**Your assignment:**
The records that follow need to be printed exactly. Leave out each image.

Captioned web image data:
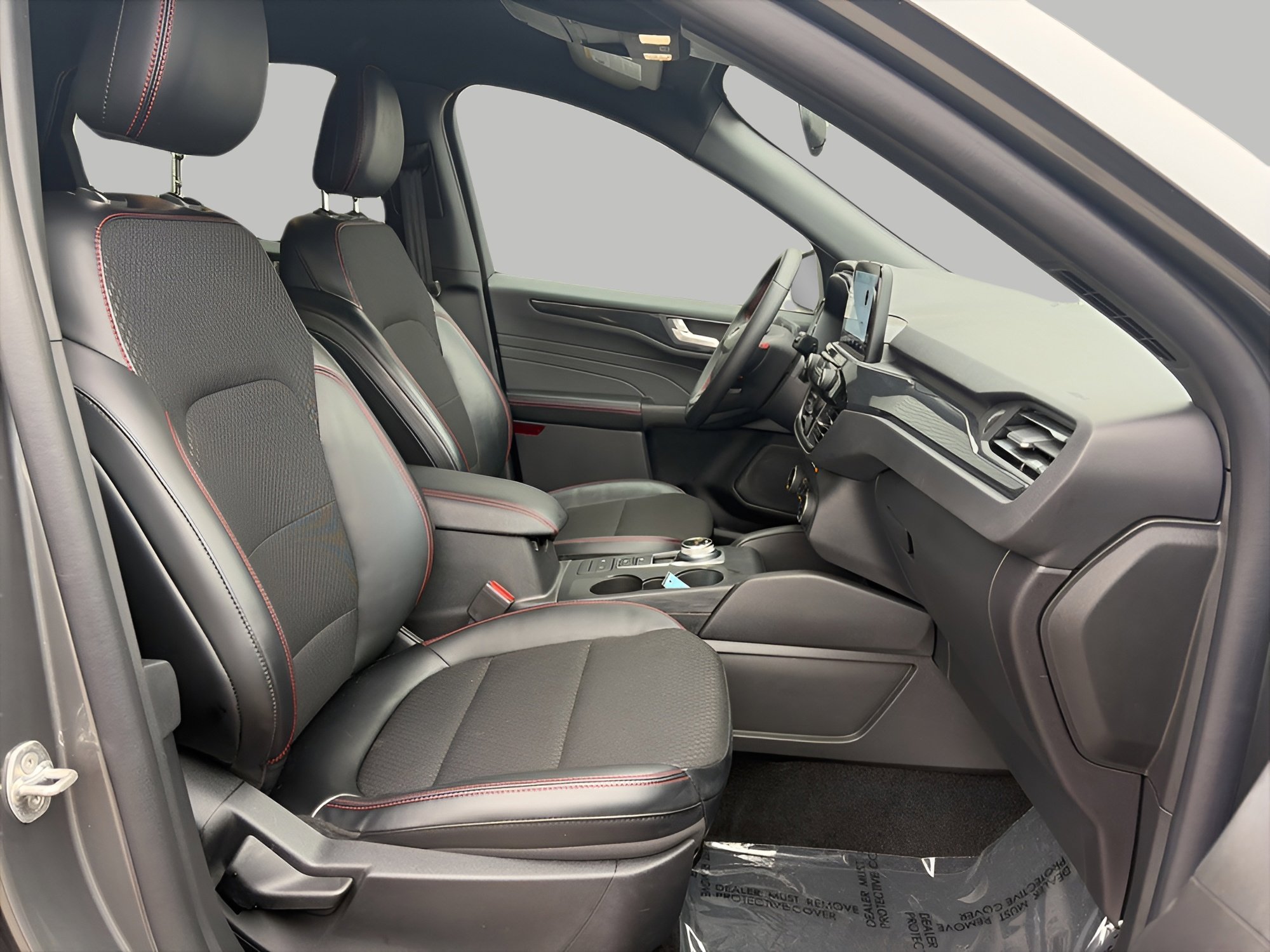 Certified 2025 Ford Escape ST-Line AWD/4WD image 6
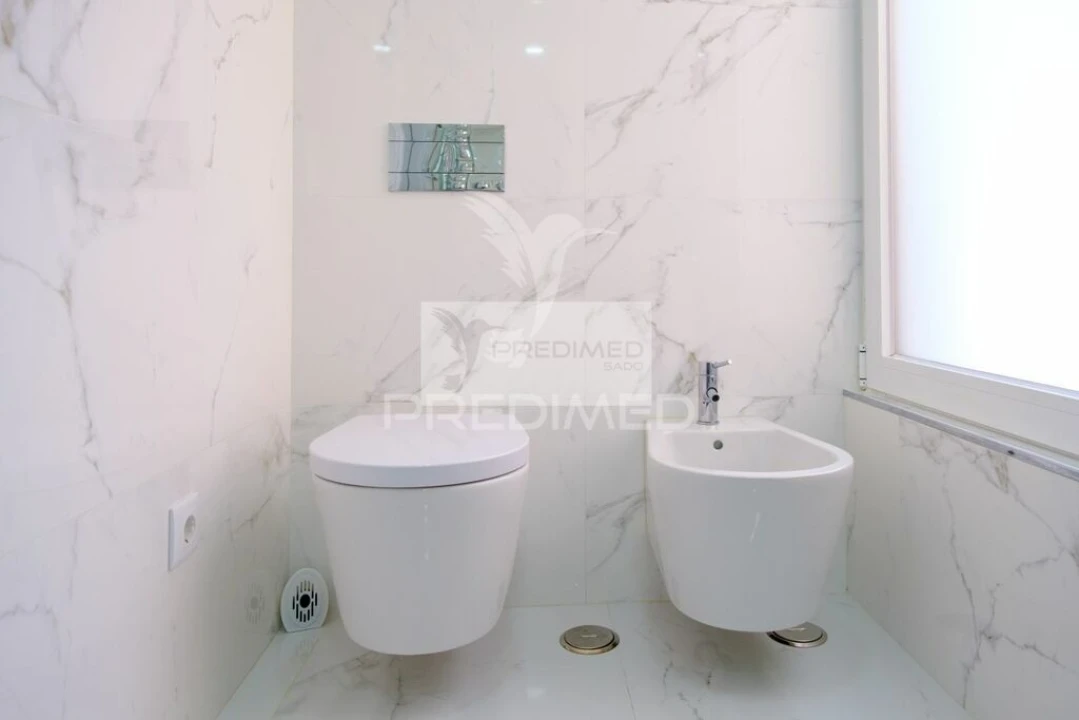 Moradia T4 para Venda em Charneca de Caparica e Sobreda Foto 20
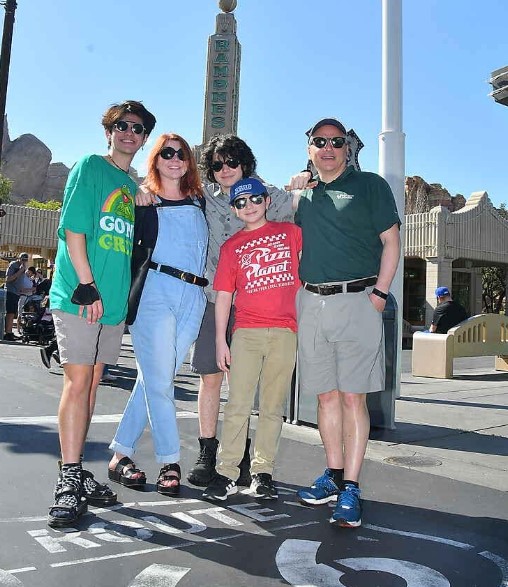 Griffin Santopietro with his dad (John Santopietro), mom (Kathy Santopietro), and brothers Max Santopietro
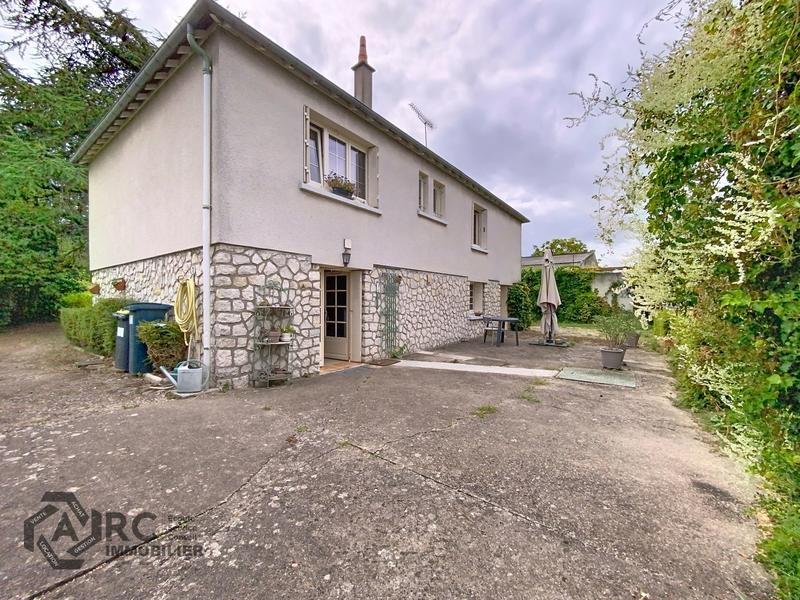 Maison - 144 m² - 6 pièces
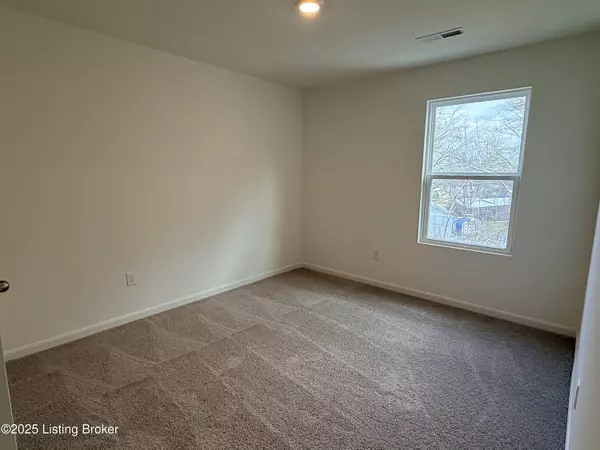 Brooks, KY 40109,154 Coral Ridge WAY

**Answer box:**
 Certified 2025 Ford Escape ST-Line AWD/4WD image 6
 Moradia T4 para Venda em Charneca de Caparica e Sobreda Foto 20
 Griffin Santopietro with his dad (John Santopietro), mom (Kathy Santopietro), and brothers Max Santopietro
 Maison - 144 m² - 6 pièces
 Brooks, KY 40109,154 Coral Ridge WAY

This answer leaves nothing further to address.